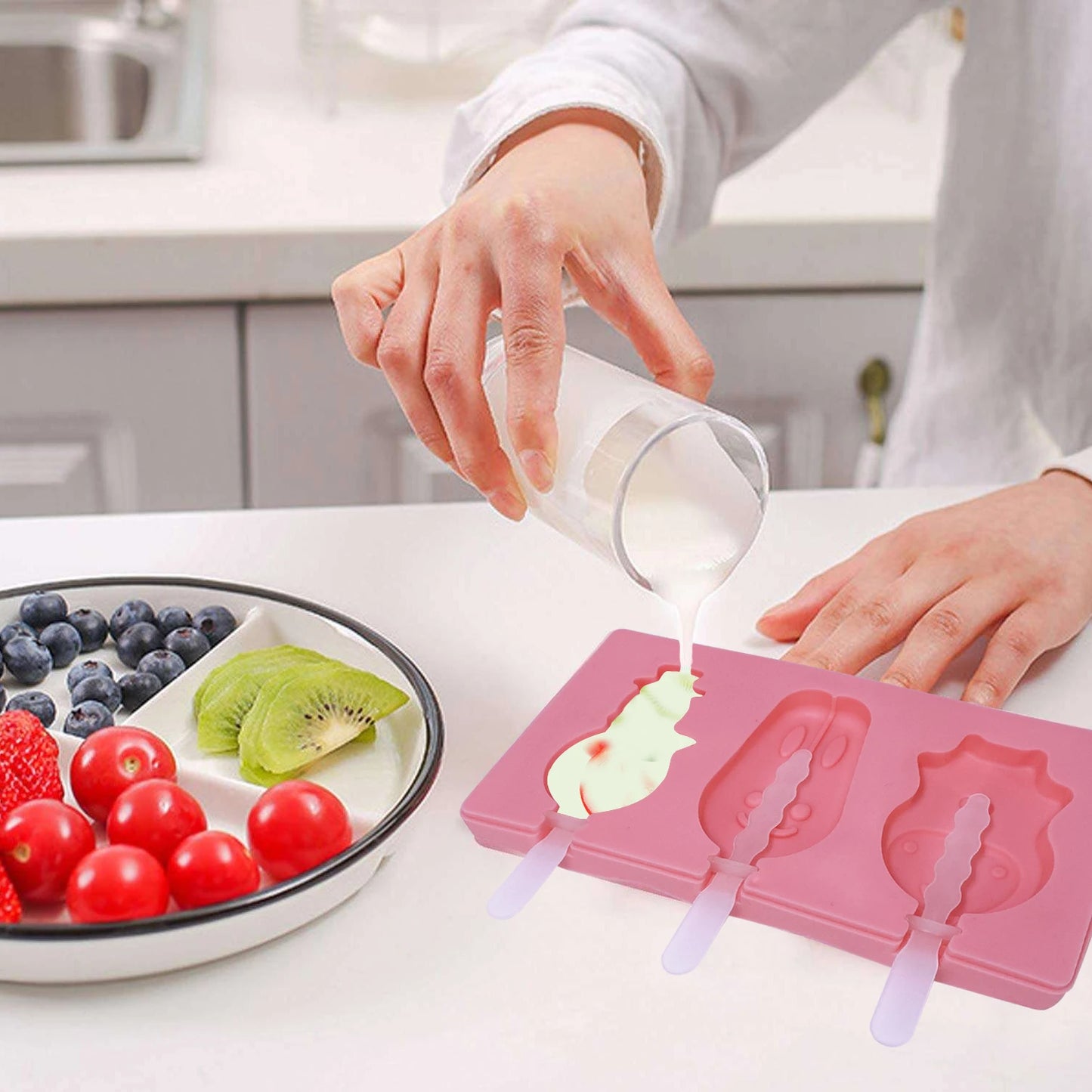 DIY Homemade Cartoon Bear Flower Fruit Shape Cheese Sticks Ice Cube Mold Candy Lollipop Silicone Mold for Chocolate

--

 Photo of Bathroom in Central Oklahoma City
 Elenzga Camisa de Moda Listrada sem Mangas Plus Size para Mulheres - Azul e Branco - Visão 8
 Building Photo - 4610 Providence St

--

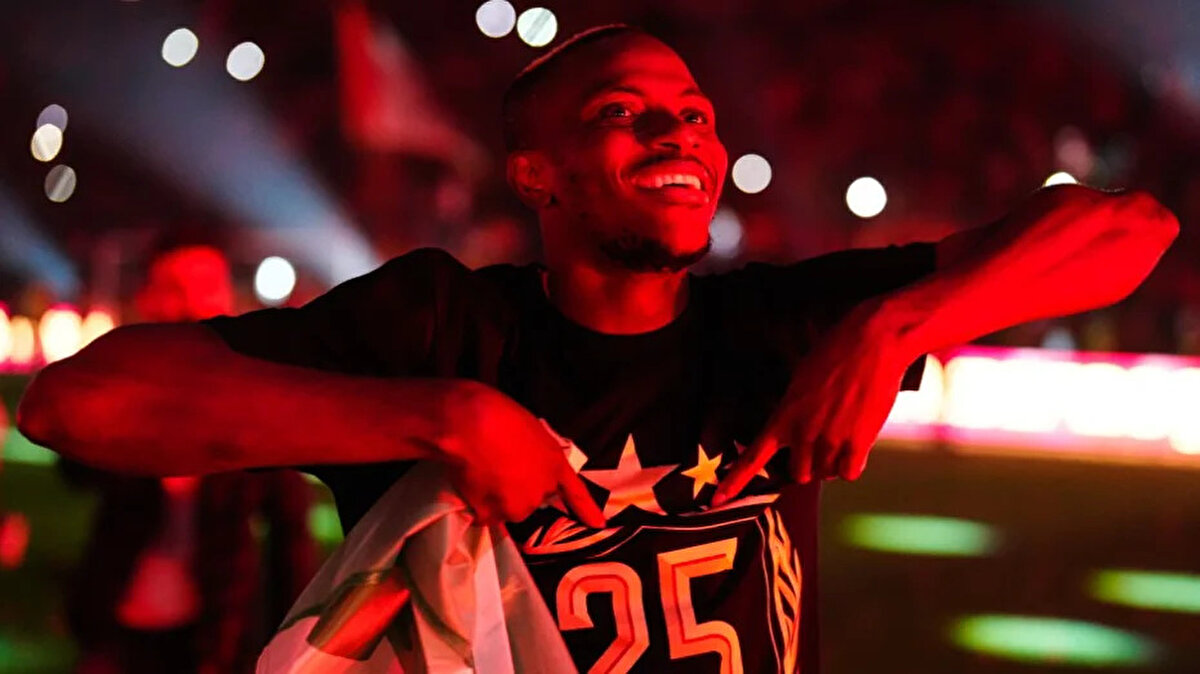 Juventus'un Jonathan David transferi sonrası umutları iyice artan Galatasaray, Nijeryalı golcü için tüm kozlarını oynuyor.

Work required: Find the line with "Elenzga Camisa de" in the entries above. Retype it and each line after it, exactly, through the line with "Building Photo - 4610 Providence St", and stop there.

Solved problem:
 Elenzga Camisa de Moda Listrada sem Mangas Plus Size para Mulheres - Azul e Branco - Visão 8
 Building Photo - 4610 Providence St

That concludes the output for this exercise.